╭─ PROVIDED RECORDS

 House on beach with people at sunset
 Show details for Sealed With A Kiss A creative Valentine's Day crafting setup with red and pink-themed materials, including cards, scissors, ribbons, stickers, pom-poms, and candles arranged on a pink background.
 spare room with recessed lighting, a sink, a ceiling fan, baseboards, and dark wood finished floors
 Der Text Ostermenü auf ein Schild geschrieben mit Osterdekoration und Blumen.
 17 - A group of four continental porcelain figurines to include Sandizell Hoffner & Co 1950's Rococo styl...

╰─
╭─ PROVIDED RECORDS

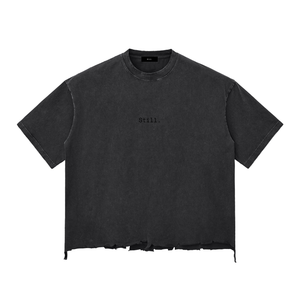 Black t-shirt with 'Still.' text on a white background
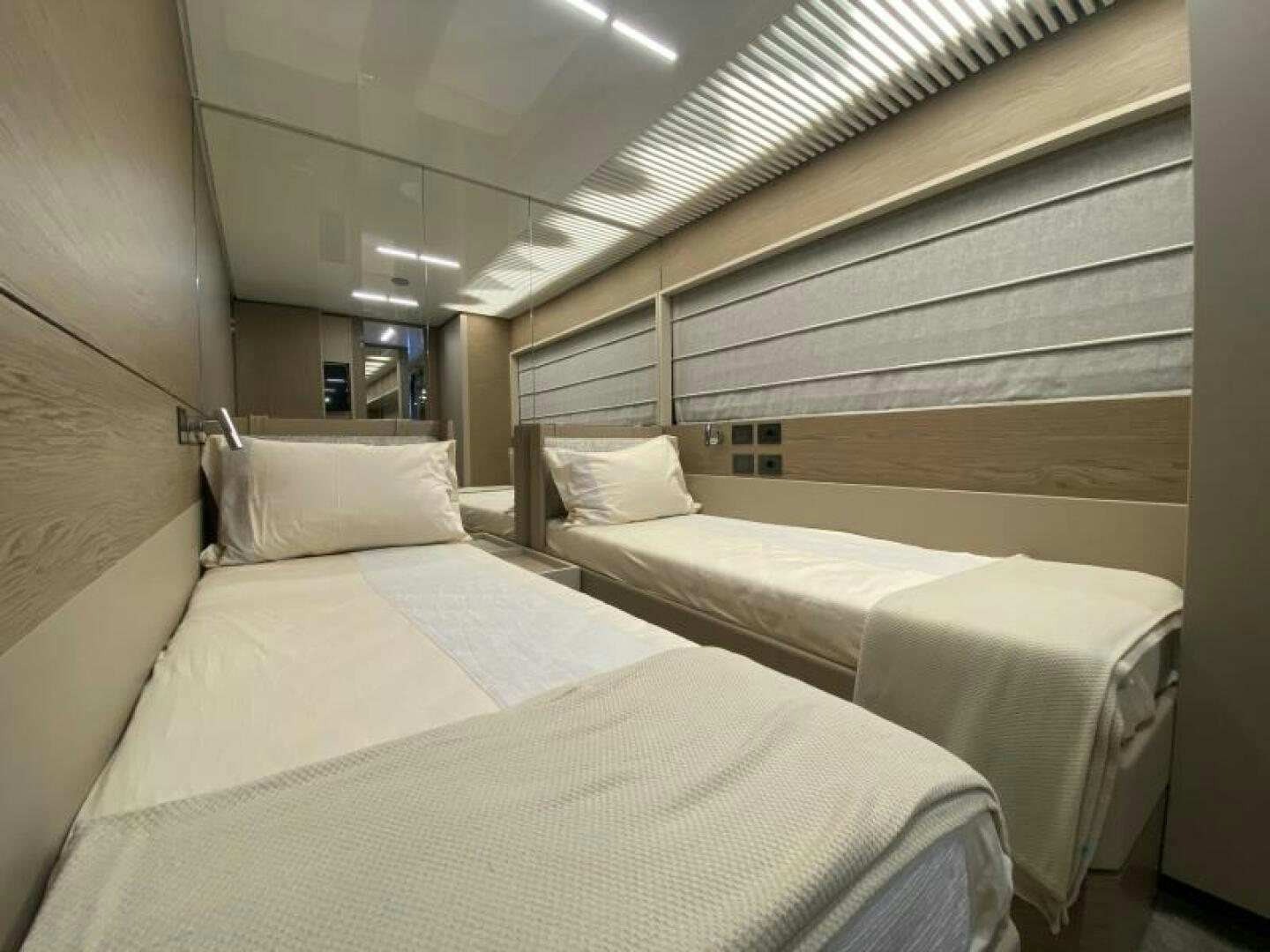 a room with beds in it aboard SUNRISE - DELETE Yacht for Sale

╰─

EXERCISE INSTRUCTIONS: Lines wanted from the listing above: the line with "spare room with" up to and including the line with "17 - A group". Please write them out exactly, adding nothing else.

YOUR SOLUTION:
 spare room with recessed lighting, a sink, a ceiling fan, baseboards, and dark wood finished floors
 Der Text Ostermenü auf ein Schild geschrieben mit Osterdekoration und Blumen.
 17 - A group of four continental porcelain figurines to include Sandizell Hoffner & Co 1950's Rococo styl...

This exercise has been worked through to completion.